In the material below, pictures must be dropped. Repeat exactly, and only, the lines from the line with "Ukranian Easter Eggs." to the line with "Floral Embroidered Halter", both ends included.

┌─ ENTRIES SHOWN

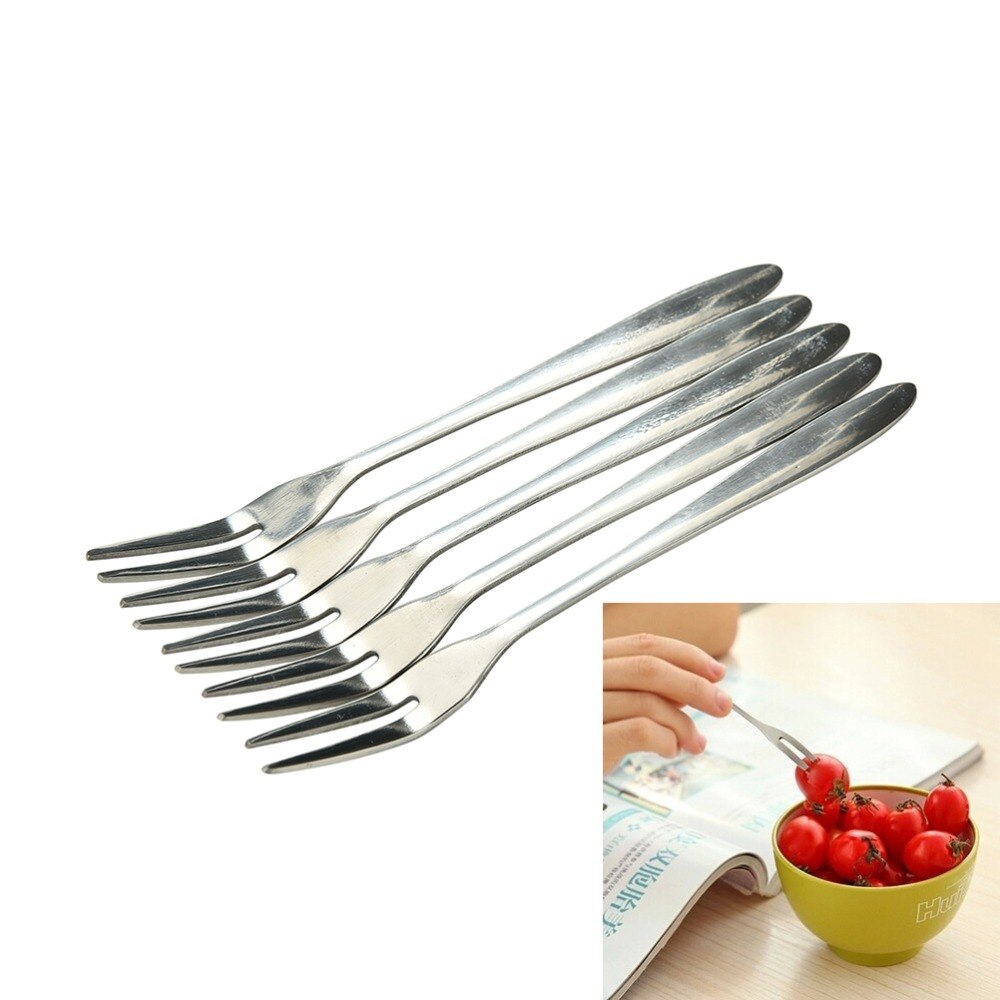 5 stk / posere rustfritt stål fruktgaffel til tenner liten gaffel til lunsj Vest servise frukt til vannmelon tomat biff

└─
┌─ ENTRIES SHOWN

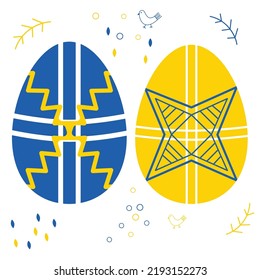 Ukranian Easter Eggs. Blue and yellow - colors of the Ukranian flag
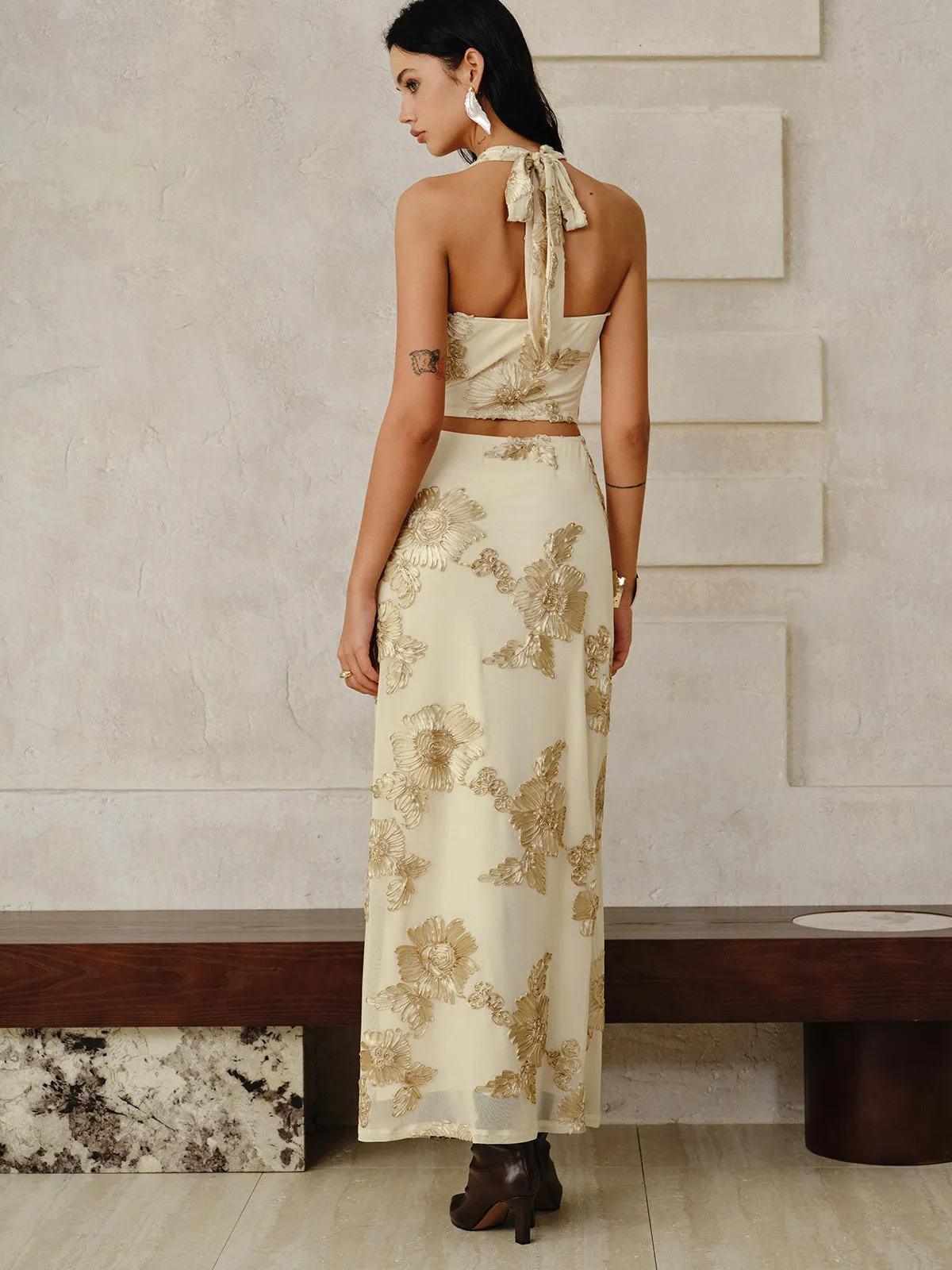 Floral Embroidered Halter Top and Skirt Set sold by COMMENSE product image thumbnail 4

└─

SOLUTION TO THE EXERCISE —
 Ukranian Easter Eggs. Blue and yellow - colors of the Ukranian flag
 Floral Embroidered Halter Top and Skirt Set sold by COMMENSE product image thumbnail 4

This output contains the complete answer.